ClickHouse/src/Storages/MergeTree/MergeTreeDataMergerMutator.cpp

Lines 101 to 104 in 74a1de5

max_size = static_cast<UInt64>(interpolateExponential(

data_settings->max_bytes_to_merge_at_min_space_in_pool,

data_settings->max_bytes_to_merge_at_max_space_in_pool,

static_cast<double>(free_entries) / data_settings->number_of_free_entries_in_pool_to_lower_max_size_of_merge));

But if, as you said, it does not affect disk space, we can leave it as is.

By the way, can we pass another special value here, e.g., 0 or uint max?

vdimir

LGTM

@tavplubix could you please also take a quick look, just to be sure?

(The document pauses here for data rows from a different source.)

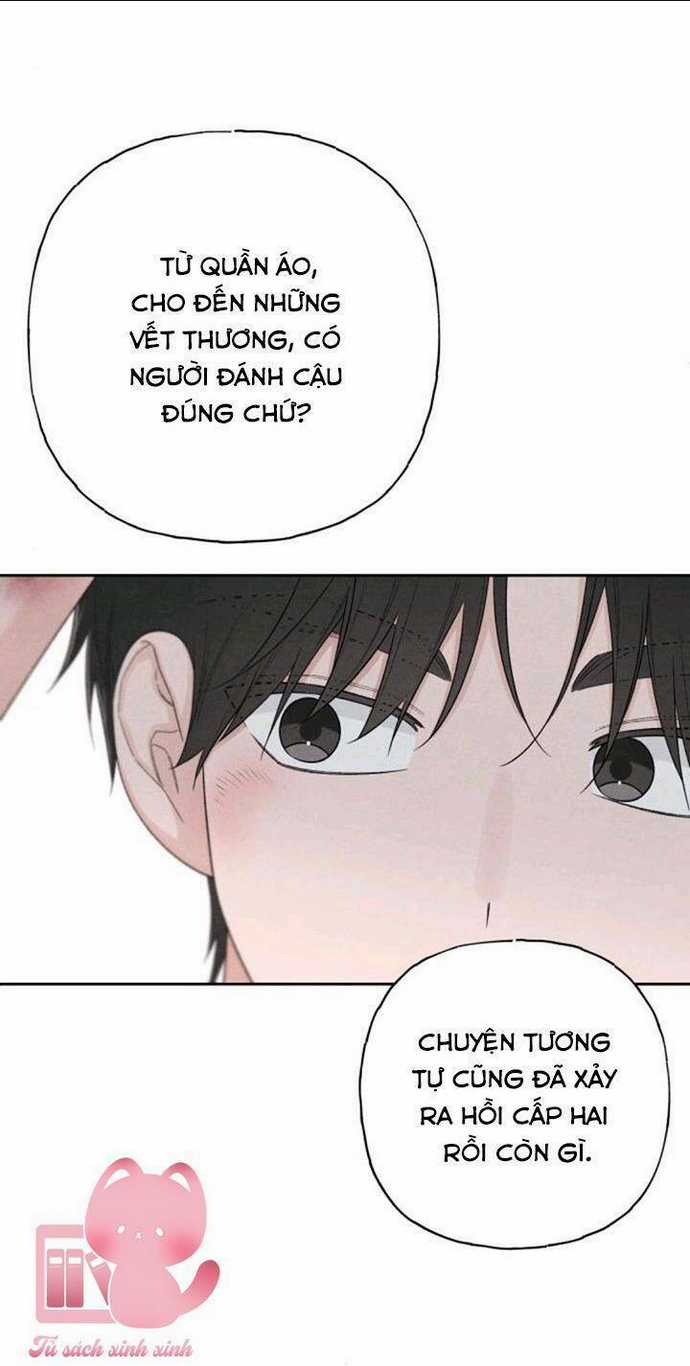 Bí Mật Thanh Xuân - Chapter 65 - Trang 83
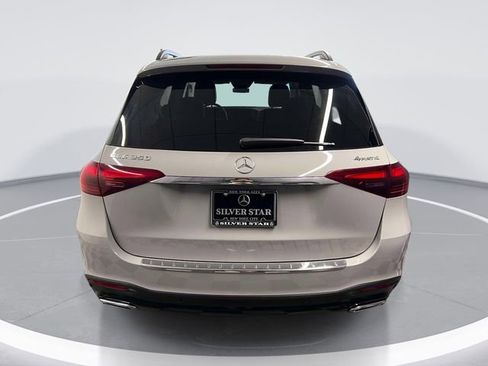 Certified 2024 Mercedes-Benz GLE 350 4MATIC image 5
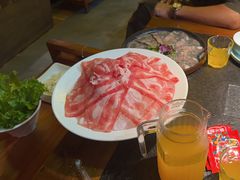 -旺晖本帮骨头煲·深夜火锅(梅园路店)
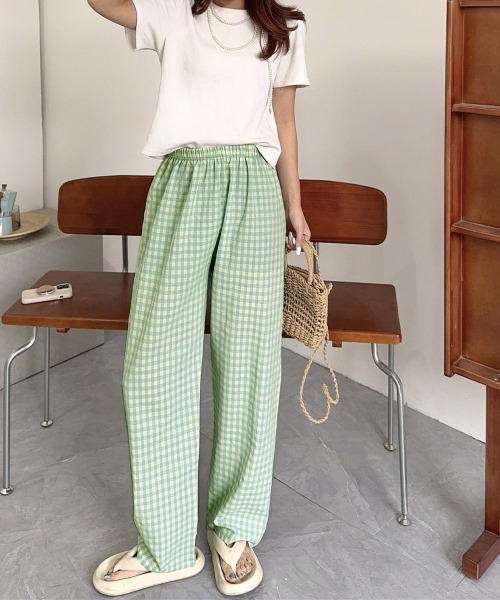 MaxMara●未掲載●上品リラクシー●ARCAカシミヤ混ニットパンツ パンツ - 送料無料｜マックスマーラ公式サイト
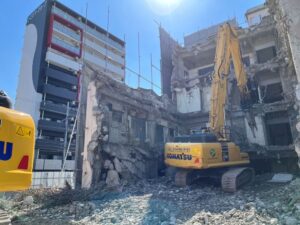 解体工事 解体業者 福岡 九州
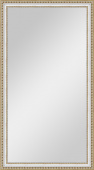 Зеркало Evoform Definite BY 1102 75x135 см бусы платиновые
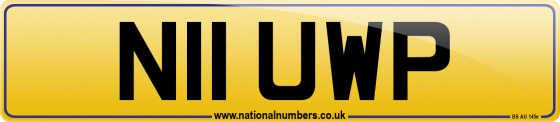 N11 UWP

tavplubix · 2022-11-03T12:34:18Z

Changes make sense, but ttl_only_drop_parts is just a setting and we can drop whole parts by TTL even if it's set to false. It would be better to ignore estimated space for merge if we are going to drop a whole part, not only when the setting is true. See TTLDeleteMergeSelector. Also, do we need similar changes for ReplicatedMergeTree?

zhongyuankai · 2022-11-04T09:29:59Z

Changes make sense, but ttl_only_drop_parts is just a setting and we can drop whole parts by TTL even if it's set to false. It would be better to ignore estimated space for merge if we are going to drop a whole part, not only when the setting is true. See TTLDeleteMergeSelector. Also, do we need similar changes for ReplicatedMergeTree?

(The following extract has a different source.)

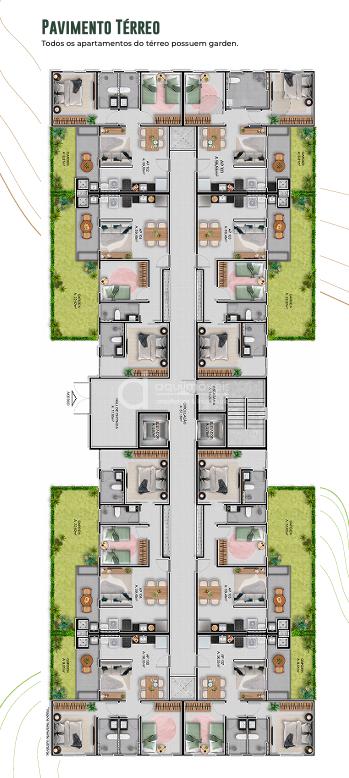 Residencial So Miguel venda, Vida Nova I, LUCAS DO RIO VERDE - MT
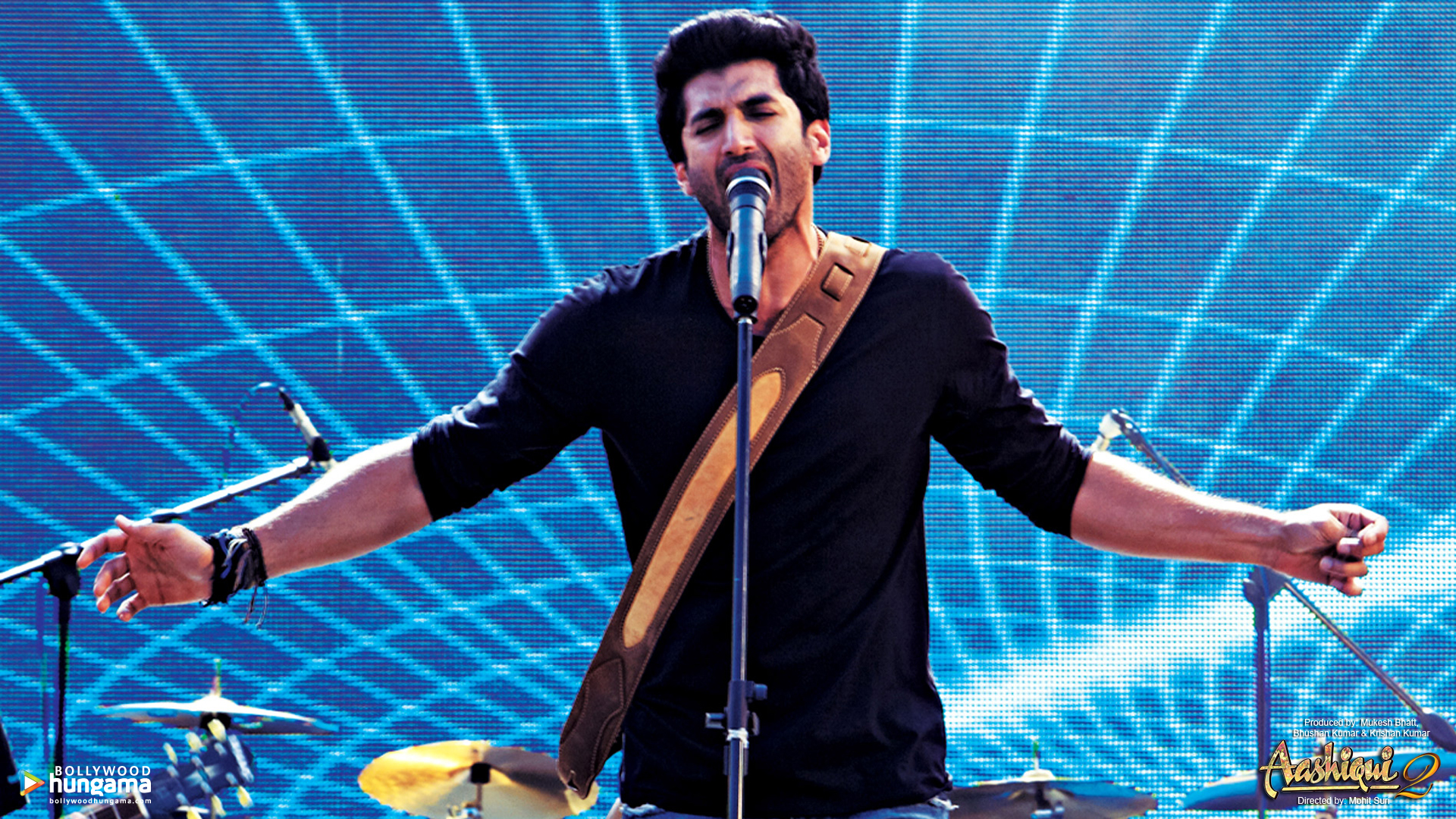 Aashiqui 2 Aashiqui 2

@tavplubix Ok, updated, but from my current understanding ReplicatedMergeTree doesn't seem to be a problem to make the same change, is there something wrong with it?

vdimir · 2022-11-04T15:53:58Z

Fast test — fail: 1, passed: 3801, skipped: 821

https://s3.amazonaws.com/clickhouse-test-reports/42869/1345f7e73da0bfbd4cc9e1c55458bcf10164c6df/fast_test.html

Test is not flaky, but looks not related, will try to rerun Fast tests and investigate.

02102_row_binary_with_names_and_types | FAIL | 1.84
2022-11-04 16:54:39 Code: 75. DB::ErrnoException: Cannot write to file (fd = 1), errno: 32, strerror: Broken pipe: (in query: SELECT toUInt32(1) AS x, 'text' as z, toDate('2020-01-01') AS y FORMAT RowBinaryWithNamesAndTypes). (CANNOT_WRITE_TO_FILE_DESCRIPTOR) 2022-11-04 16:54:39  2022-11-04 16:54:39

zhongyuankai · 2022-11-08T23:51:36Z

@vdimir Failed tests that don't seem to be related to changes.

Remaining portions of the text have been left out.